Taylour delivered a number of lectures in Gainsborough, Lincolnshire. On 12 March 1885 she was one of several speakers at the Temperance Hall, along with Florence Balgarnie, Jessie Tod, and Ann Radford McCormick. She returned two years later on 18 January 1887 to give a lecture on allowing women greater political and social equality with men, and returned to Gainsborough again on 31 May 1885 on women and politics at the Primitive Methodist Mutual Improvement Association.

=== Official roles ===
Taylour was the First Honorary Secretary of the Galloway branch of the National Society for Women's Suffrage from 1870 to 1872. She was joint Secretary of the Edinburgh National Society for Women's Suffrage, one of the first three suffrage societies to be formed in Britain, with Agnes McLaren from 1873 to 1876, and an executive member of the central committee of the national Society. In 1901 she was a vice-president of the National Union of Women's Suffrage Societies.

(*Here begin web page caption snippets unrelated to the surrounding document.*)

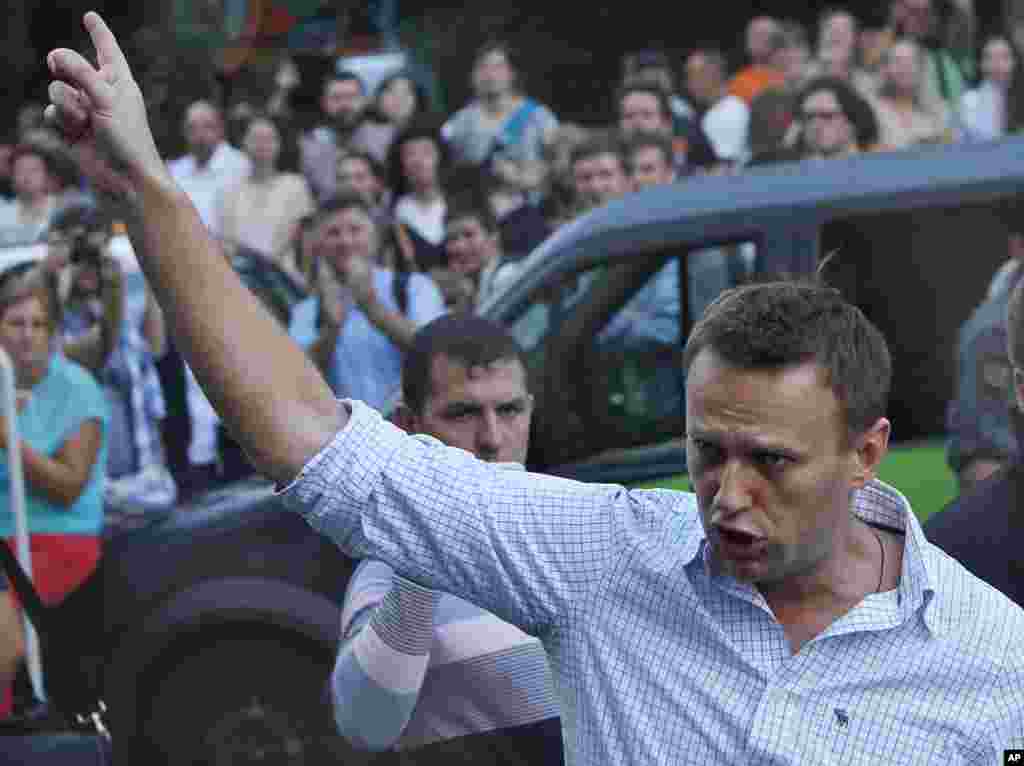 Russian investigators have launched a probe against opposition leader Alexei Navalny, suspecting him of fraud and money laundering.36-year-old Navalny, one of President Vladimir Putin&rsquo;s fiercest critics, was a driving force behind last winter&rsquo;s wave of anti-Putin rallies. Over the winter, the anti-corruption activist spearheaded a series of rallies in Moscow that drew up to 100,000 people to the streets ahead of the March vote that handed Putin a third presidential term.(AP Photo/Alexander Zemlianichenko, File)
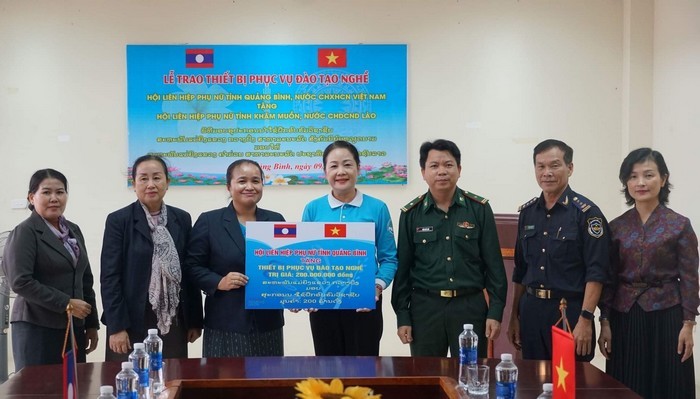 Hội Liên hiệp Phụ nữ tỉnh Quảng Bình vận động nguồn lực, hỗ trợ thiết bị đào tào nghề cho Hội Liên hiệp Phụ nữ tỉnh Khammouane Hội Liên hiệp Phụ nữ tỉnh Quảng Bình vận động nguồn lực, hỗ trợ thiết bị đào tào nghề cho Hội Liên hiệp Phụ nữ tỉnh Khammouane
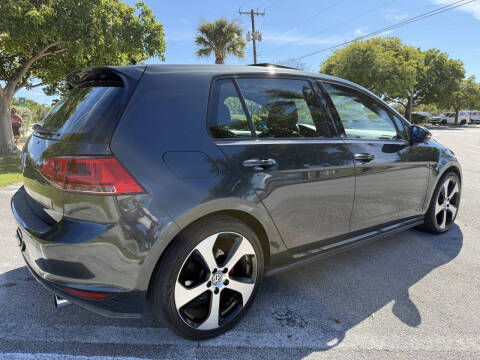2015 Volkswagen Golf GTI SE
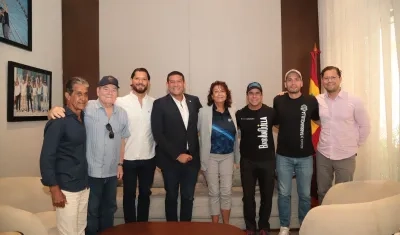 El Alcalde Alex Char reunido con las autoridades del evento.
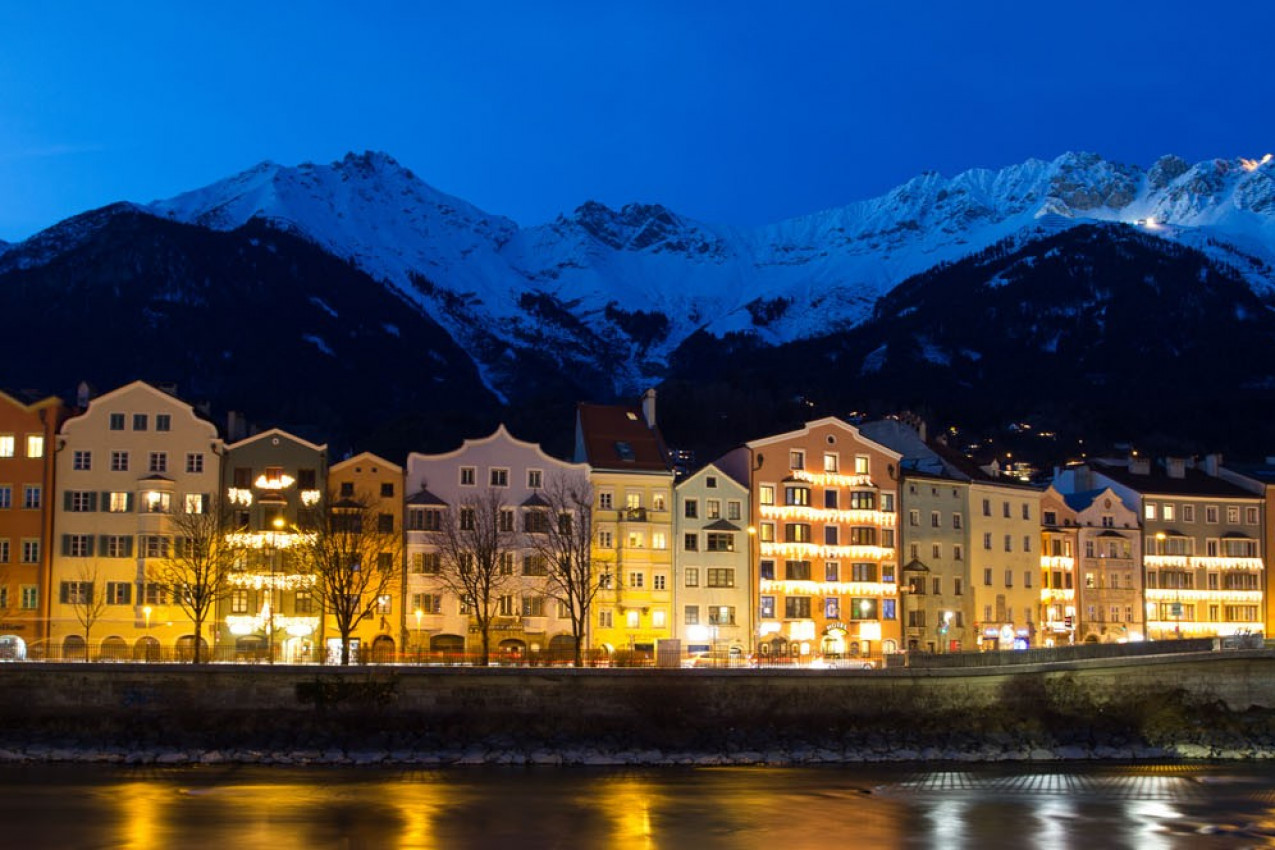 Innsbruck, casas refletindo no rio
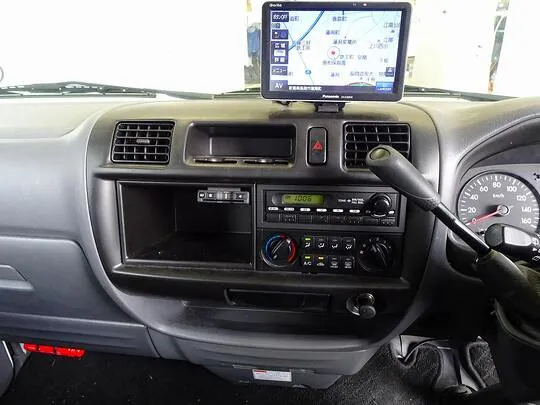 ボンゴバン DX 1t 4WD 2/5人乗り 5ドア ガソリン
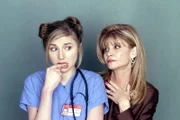 "Scrubs - Die Anfänger", "Mein alter Herr." Elliot, Turk und J.D. bereiten sich auf die Präsentation ihrer Semesterarbeit vor, als ihre Eltern ihr Kommen ankündigen. Die drei sind vollkommen aus dem Häuschen. Während J.D. versucht, das Interesse seines Vaters für seine Arbeit zu wecken, bemüht sich Elliot den hohen Ansprüchen ihres Vaters zu genügen. Turk zögert, Carla seiner Mutter vorzustellen. Als er sich schließlich dazu überwindet, verstehen sich die beiden Frauen prächtig.Im Bild (v.li.): Sarah Chalke (Elliot Reid), Markie Post (Lily Reid).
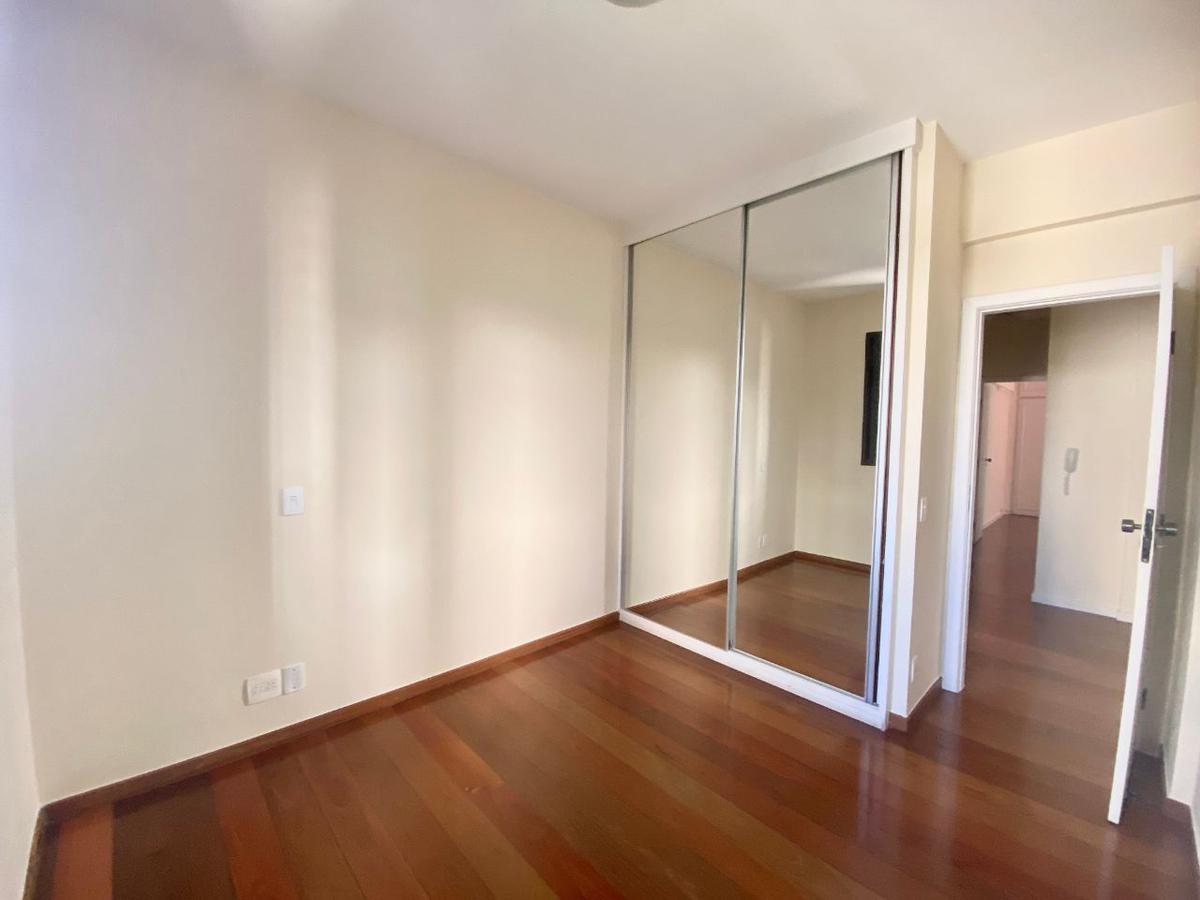 Apartamento, Funcionários, 4 Quartos, 2 Vagas, 1 Suíte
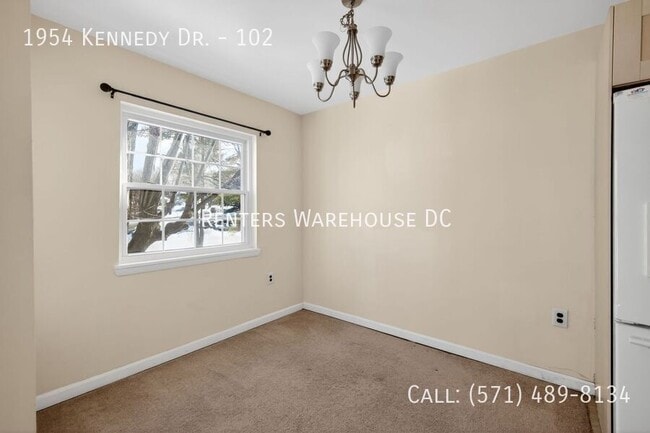 Building Photo - 1954 Kennedy Dr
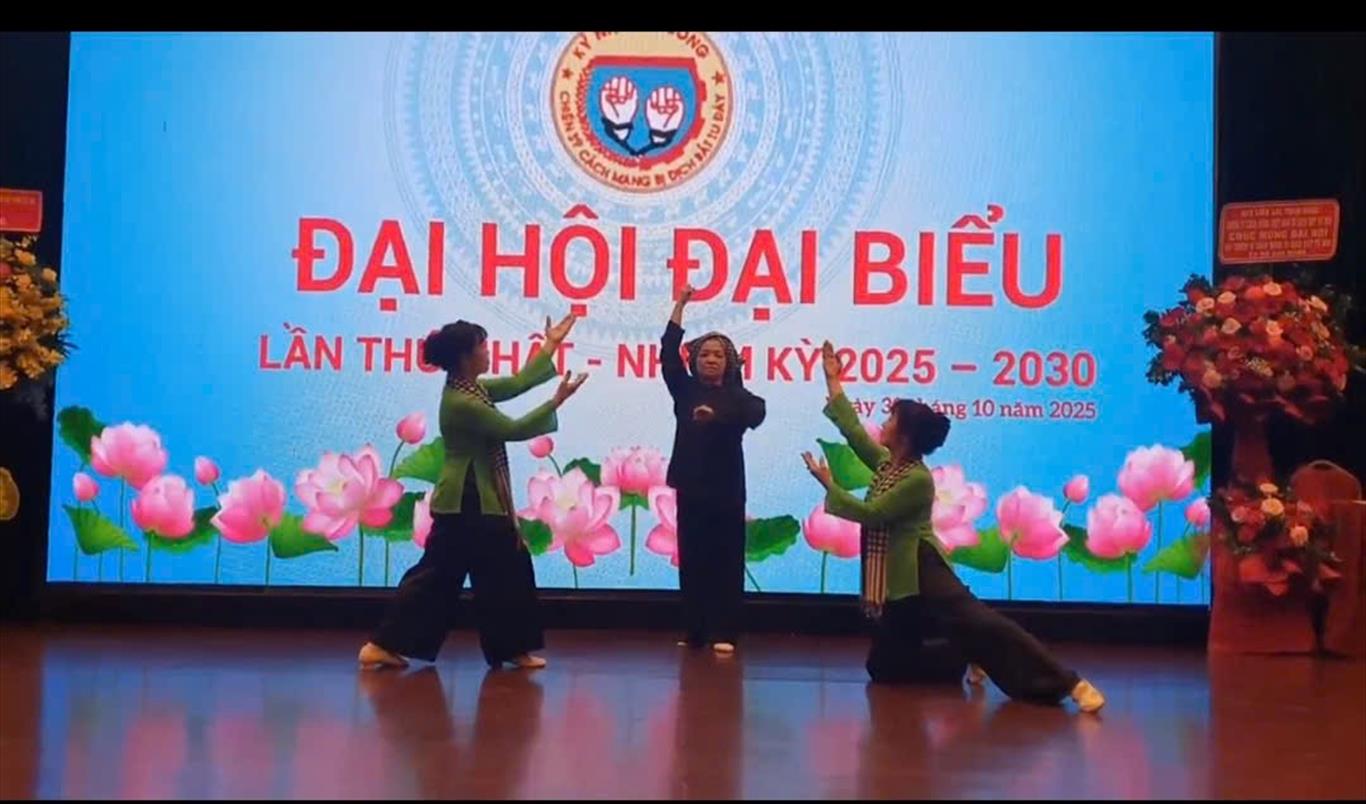 TIẾN TỚI CHÀO MỪNG KỶ NIỆM 108 NĂM CÁCH MẠNG THÁNG 10 NGA TIẾN TỚI CHÀO MỪNG KỶ NIỆM 108 NĂM CÁCH MẠNG THÁNG 10 NGA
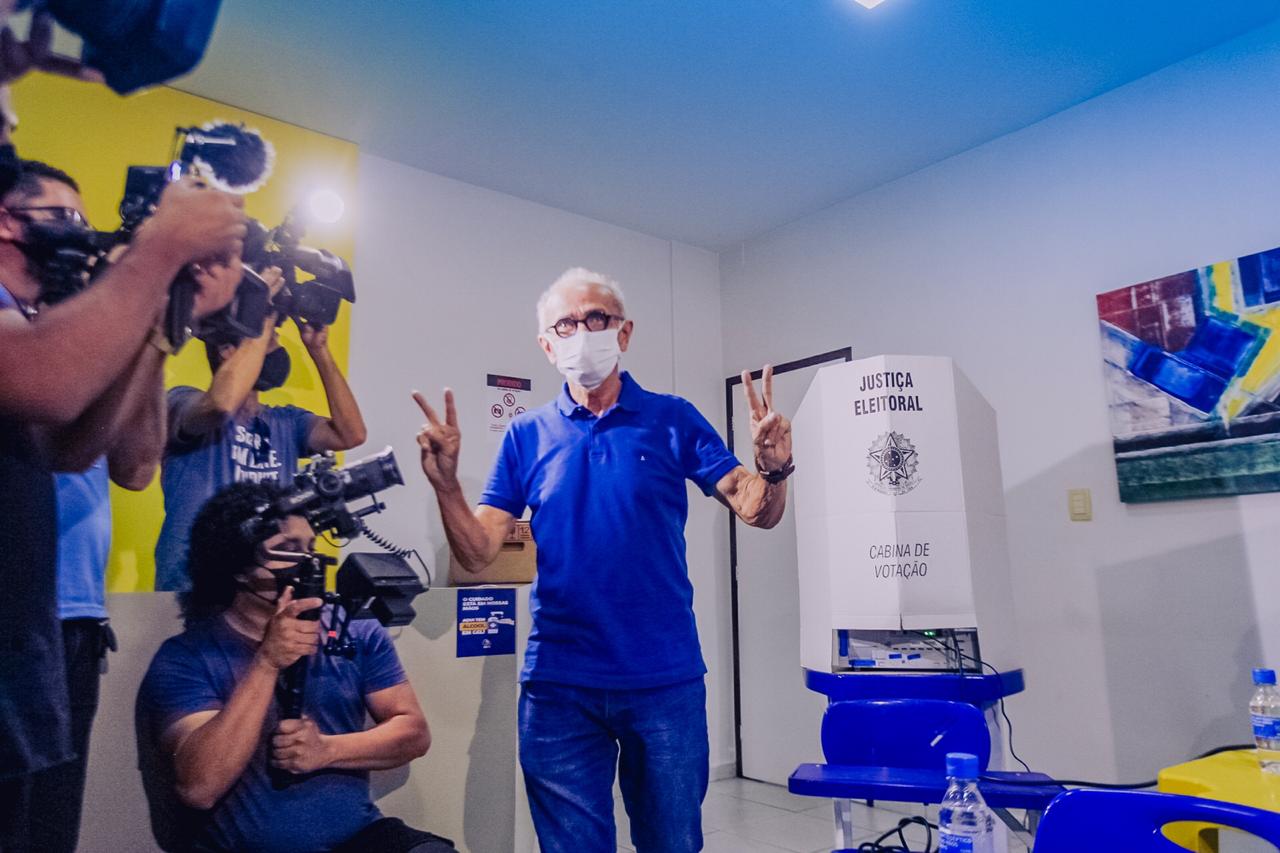 Cícero Lucena derrota Nilvan Ferreira e é eleito prefeito de João Pessoa neste domingo (29)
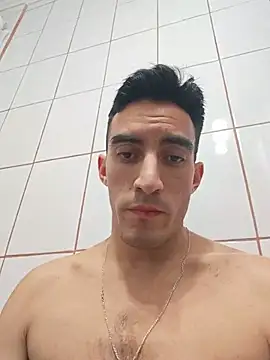 TommyMomentum live sex cam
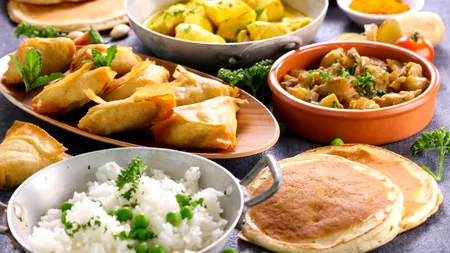Cina luată tot mai târziu și masa servită direct în canapea, la televizor, printre obiceiurile alimentare nocive ale românilor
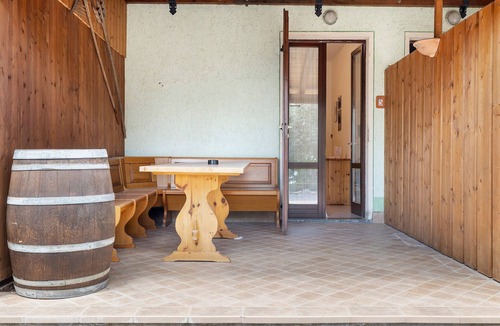 Gaino Apartment | Apartment 'Camera Matrimoniale E Patio Garden' with Lake View, Shared Garden and Wi-Fi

In Saffron Walden, in 1895, she was Secretary of the local branch of the British Women's Temperance Association, and was influential in getting women appointed to the local Board of Guardians.

=== Recognition ===
In recognition of her voluntary efforts for the cause of women's suffrage in Scotland, Taylour was presented with jewellery and 150 guineas.

The Workers' Education Association included Taylour in their history of Scottish Suffragists webpage. On the centenary of the right of some women to vote, Representation of the People Act 1918, Jane Taylour featured on the Glasgow Women's Library website with an animated video on her impact as one of the first woman to lecture in public. She also was mentioned on the University of Edinburgh Information Services Celebrating 100 years of votes for women. Taylour is one of the activists included in Scotland's Suffragette Trumps and educational packs sent to Scottish schools.